→ **Input data**
■ ■ ■

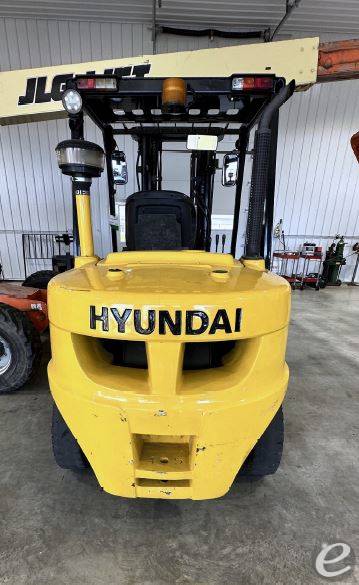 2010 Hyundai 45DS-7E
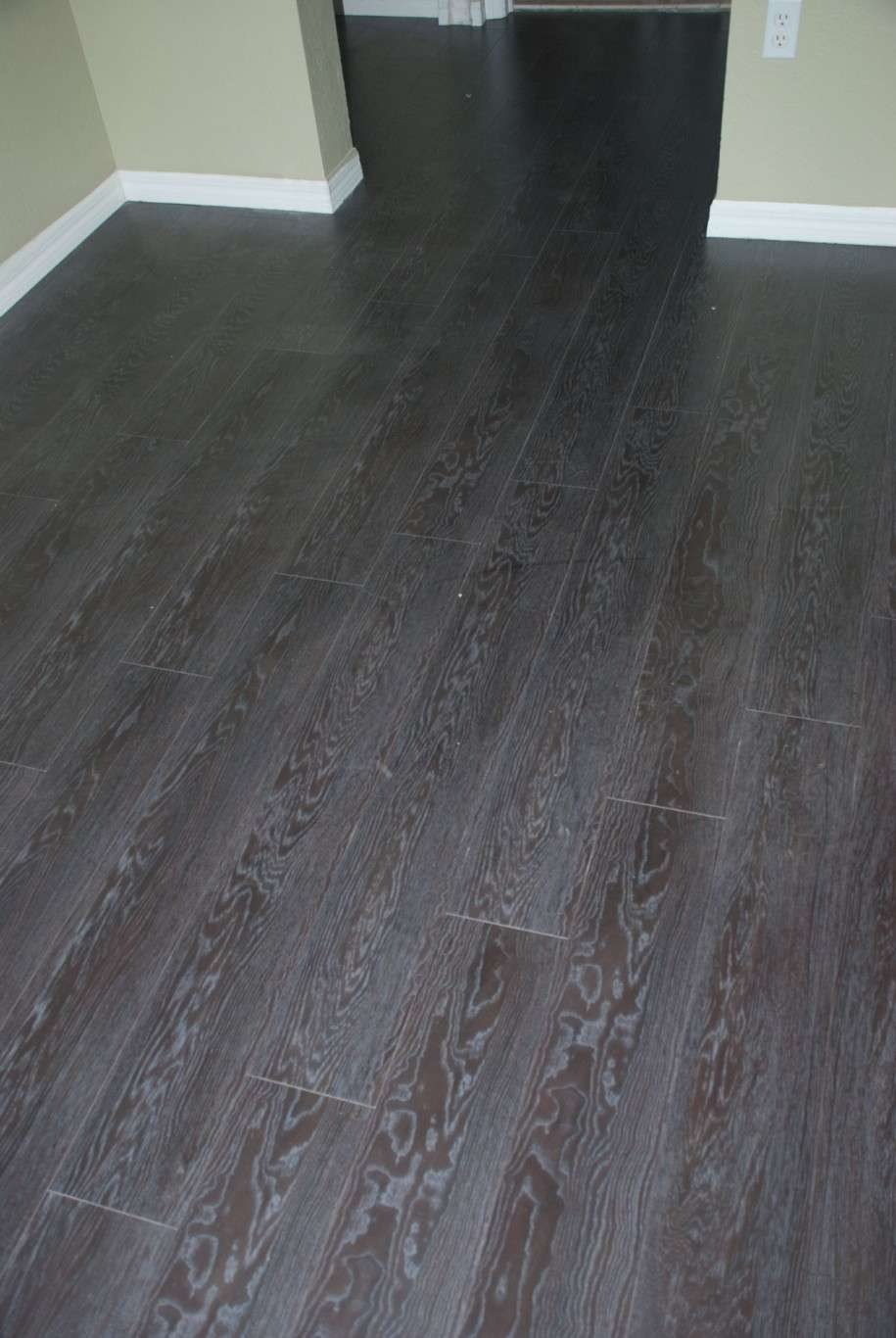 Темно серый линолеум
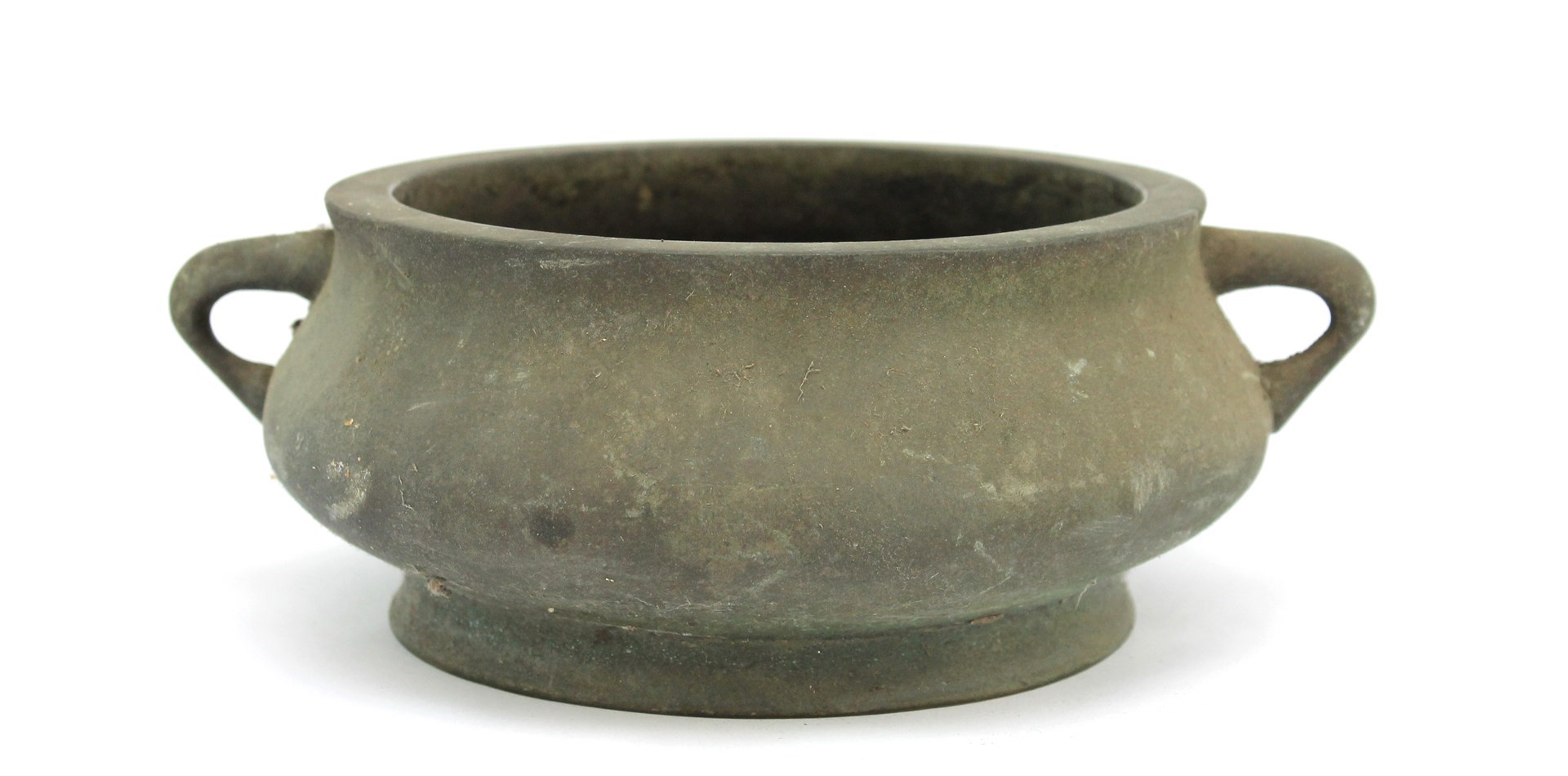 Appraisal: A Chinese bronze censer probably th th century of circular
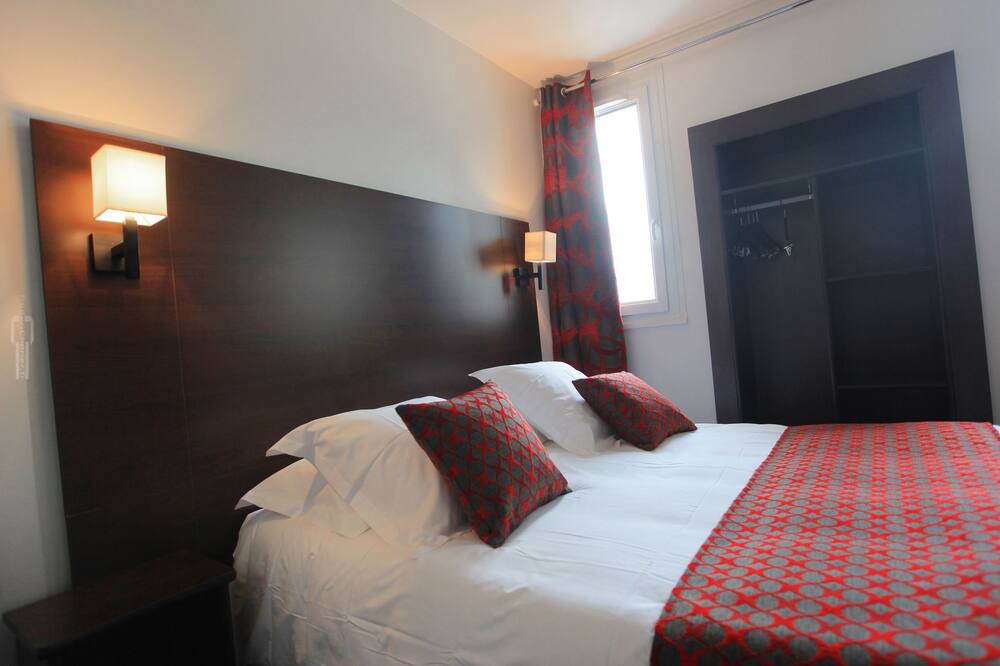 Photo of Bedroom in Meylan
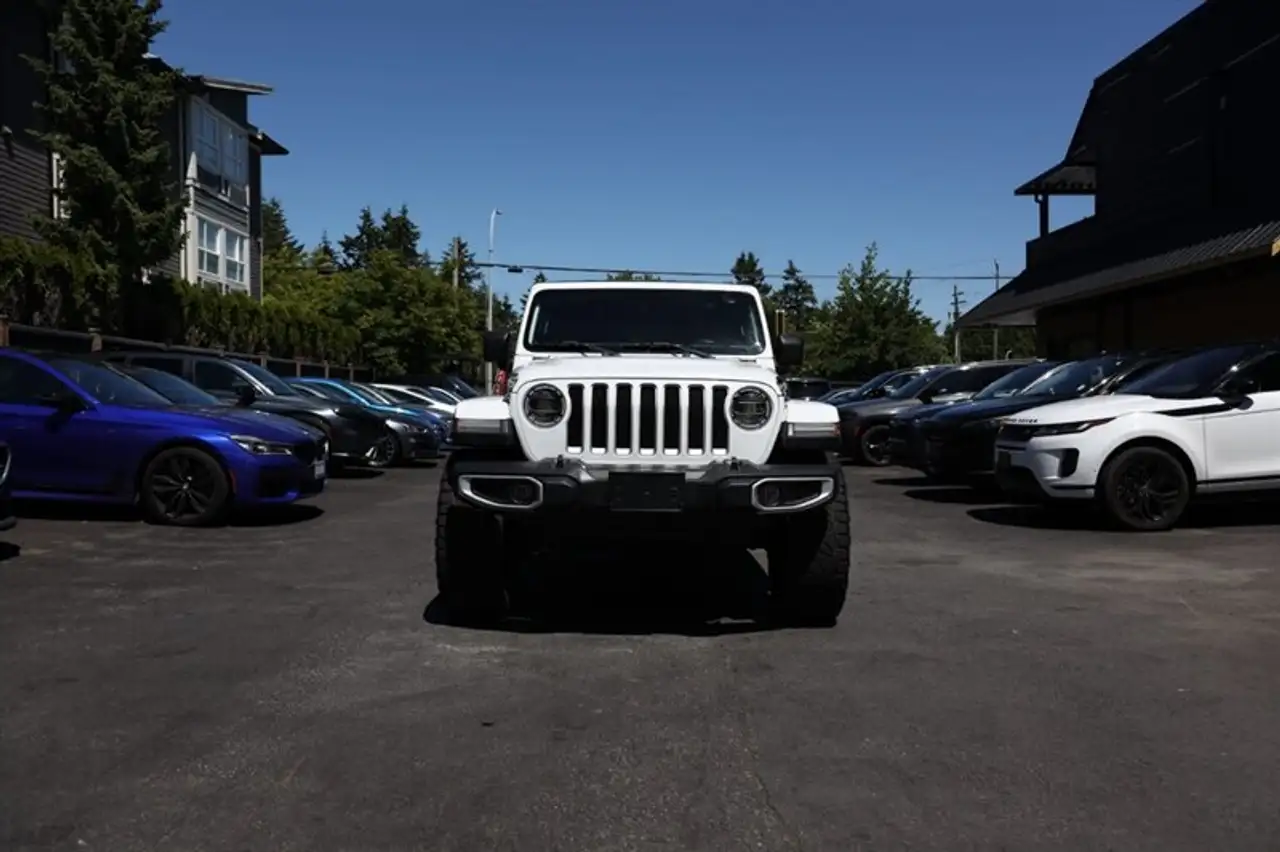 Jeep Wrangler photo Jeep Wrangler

■ ■ ■

→ **What you have to do**
Print all records word for word, no images.

→ **Response area**
 2010 Hyundai 45DS-7E
 Темно серый линолеум
 Appraisal: A Chinese bronze censer probably th th century of circular
 Photo of Bedroom in Meylan
 Jeep Wrangler photo Jeep Wrangler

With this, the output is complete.